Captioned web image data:
****************************************
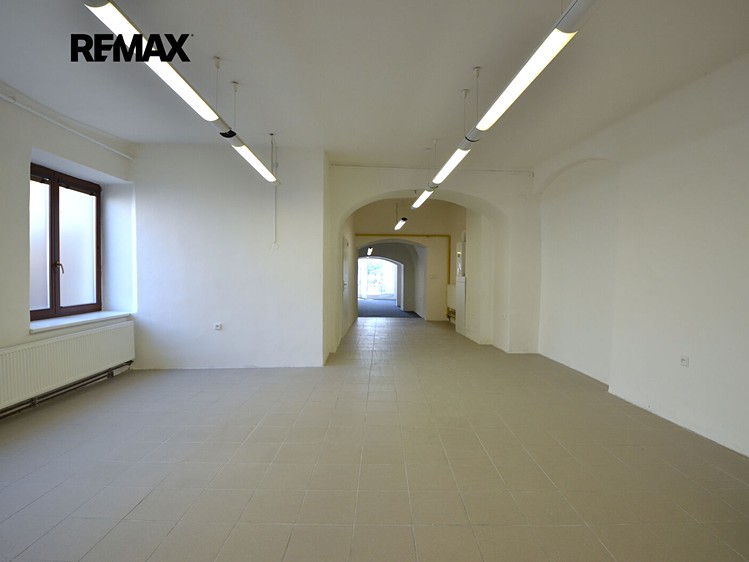 Будинок на продаж, 307 м² (55 з 81)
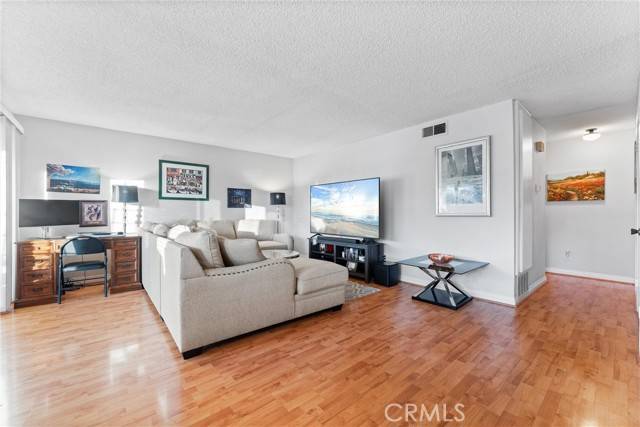 Laguna Hills, CA 92653,23416 Caminito Valle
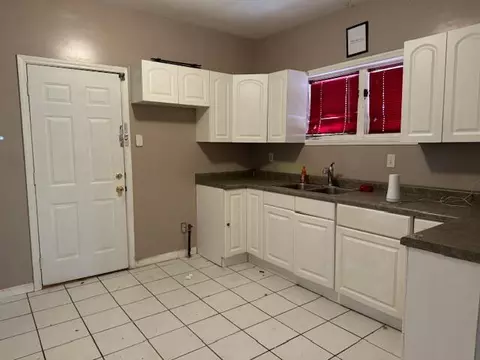 806 Hayes St, Gary, IN 46404 photo 5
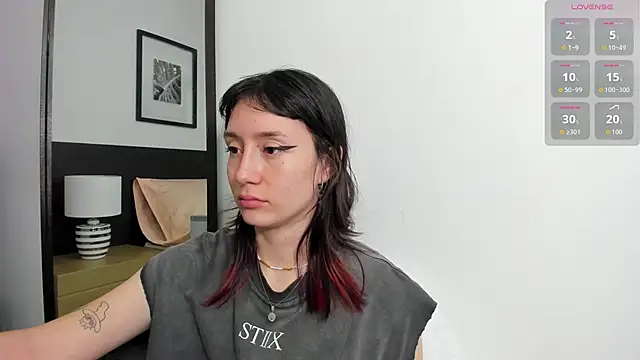 lizzy davis 1 online show from 11/22/25, 04:00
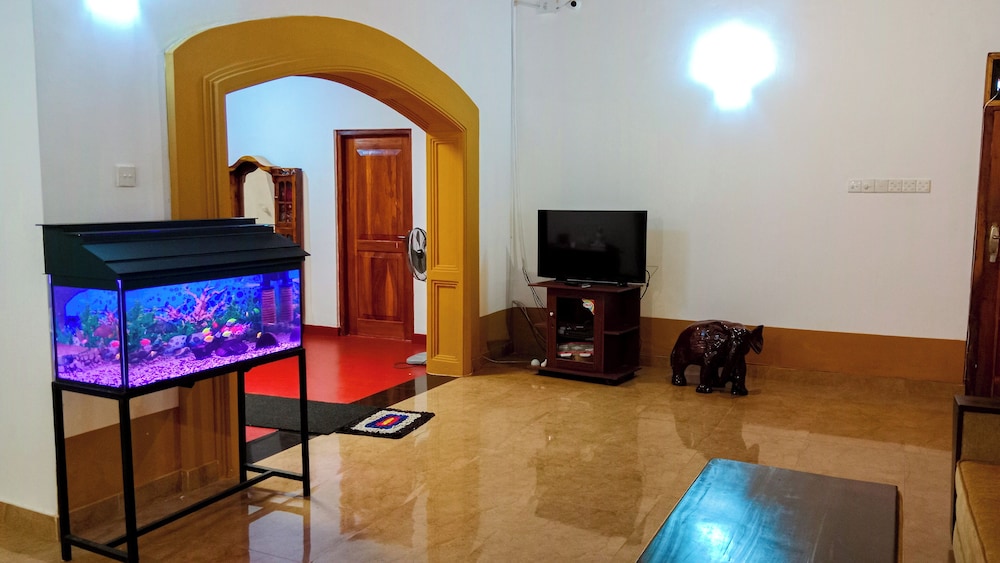 Sigiri Thilanka Rest 33/50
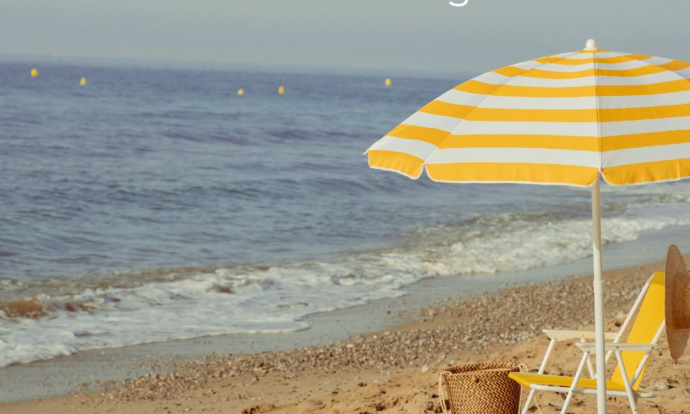 Il Ferragosto perfetto? Un libro in mano, il rumore del mare e zero pensieri
 
...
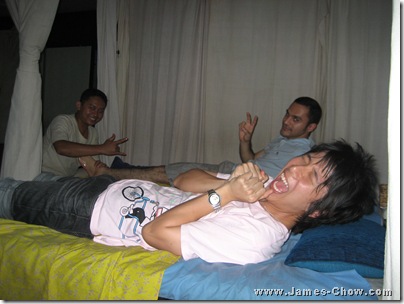 I wasn't really screaming lah! Posing only! I wasn't really screaming lah! Posing only!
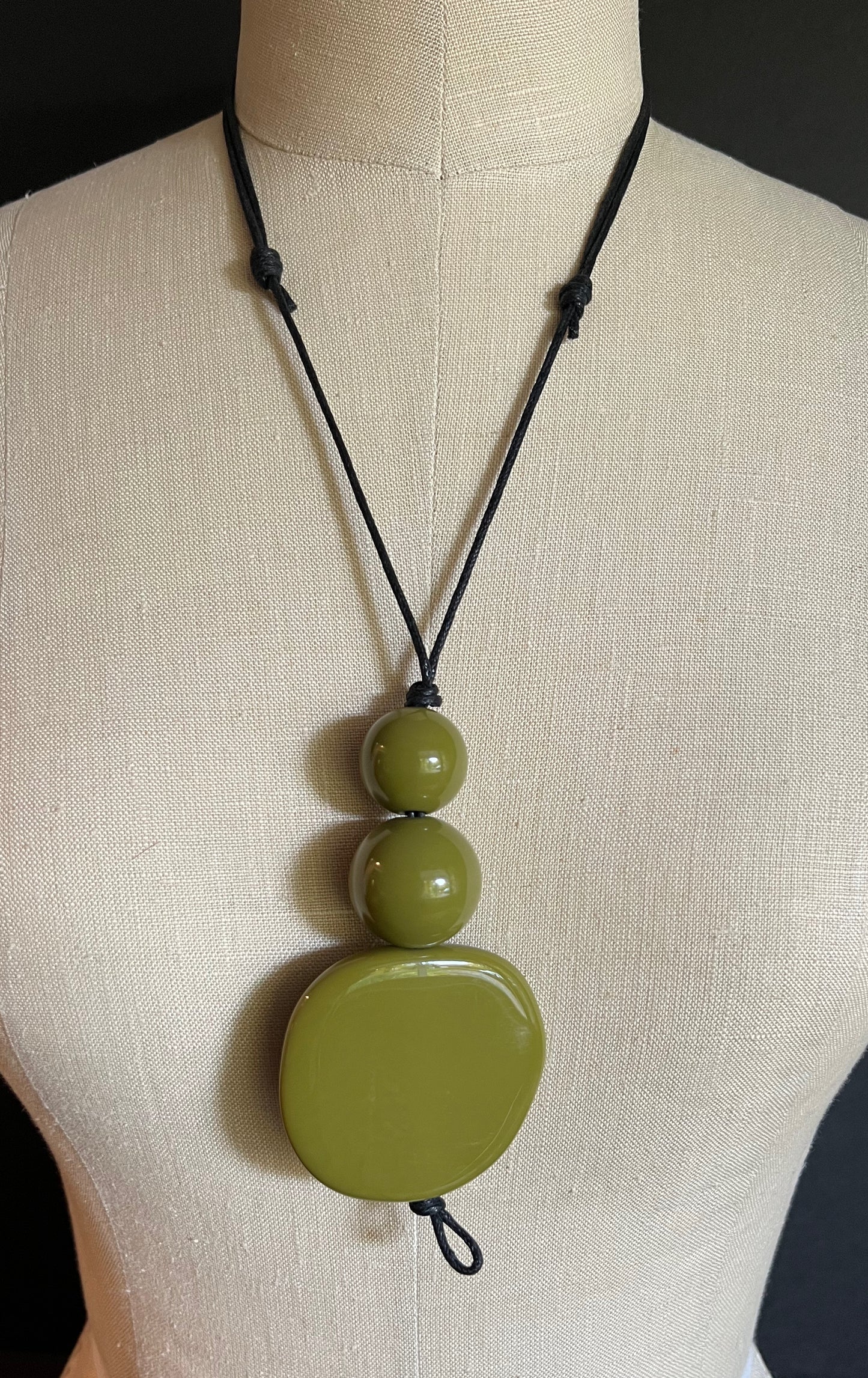 WISDOM: Artful Pendant Necklace with 3 Asymmetrical Resin Beads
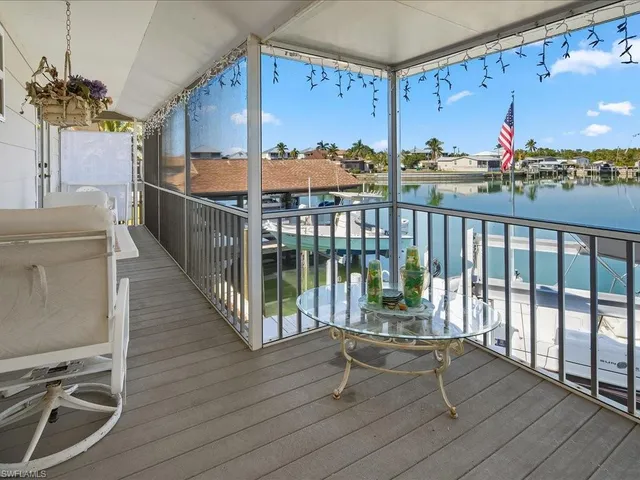 $999,000 | 565 Coconut Avenue, Goodland, FL 34140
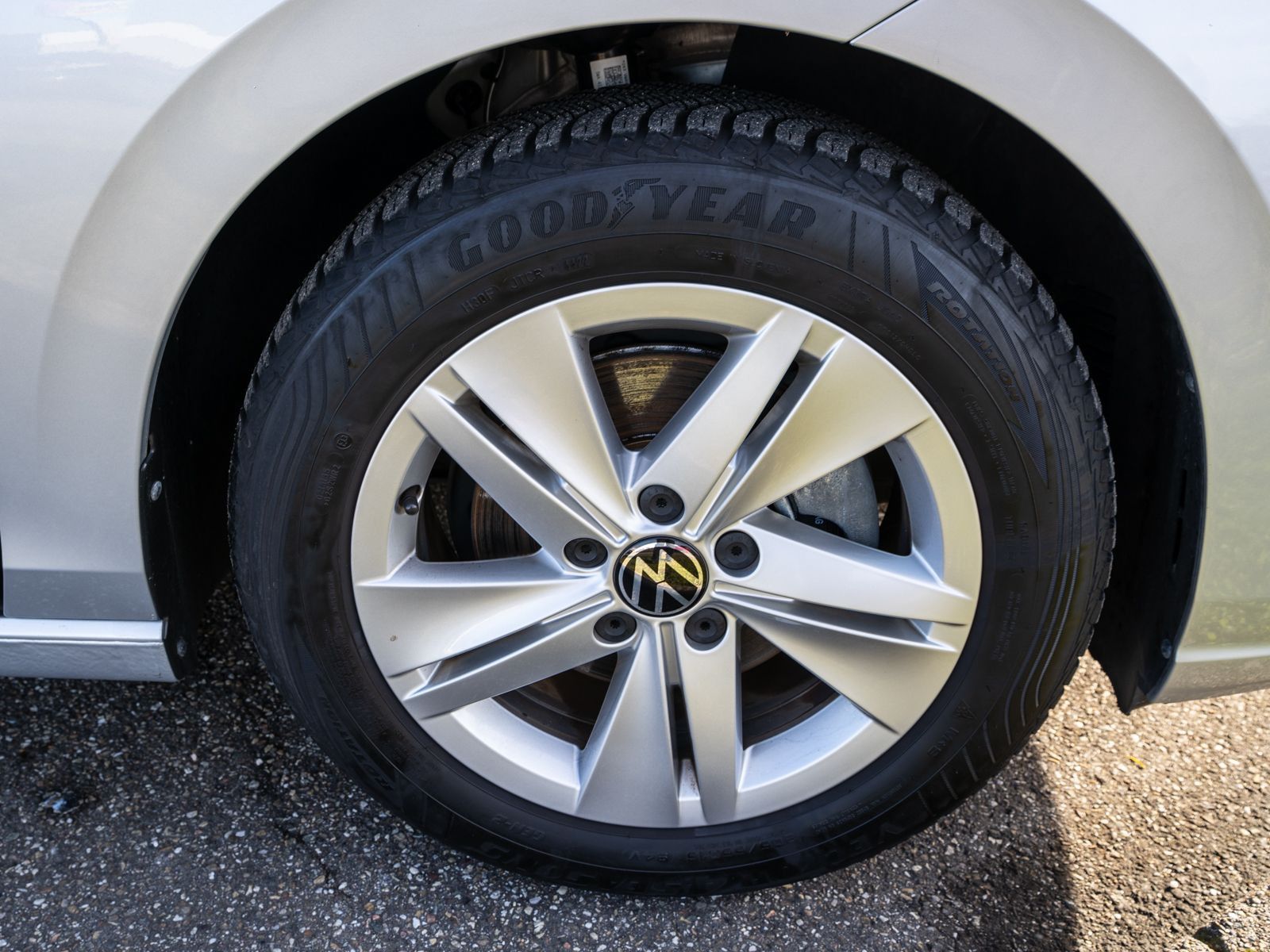 Fahrzeugabbildung Volkswagen Golf Life 1.5TSI LED Navi Klimaautomatik PDC SHZ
****************************************
» GOAL OF THE EXERCISE
Go back to the records above and write them out exactly, without the pictures.

» SOLUTION TO THE PROBLEM
 Будинок на продаж, 307 м² (55 з 81)
 Laguna Hills, CA 92653,23416 Caminito Valle
 806 Hayes St, Gary, IN 46404 photo 5
 lizzy davis 1 online show from 11/22/25, 04:00
 Sigiri Thilanka Rest 33/50
 Il Ferragosto perfetto? Un libro in mano, il rumore del mare e zero pensieri
 
...
 I wasn't really screaming lah! Posing only! I wasn't really screaming lah! Posing only!
 WISDOM: Artful Pendant Necklace with 3 Asymmetrical Resin Beads
 $999,000 | 565 Coconut Avenue, Goodland, FL 34140
 Fahrzeugabbildung Volkswagen Golf Life 1.5TSI LED Navi Klimaautomatik PDC SHZ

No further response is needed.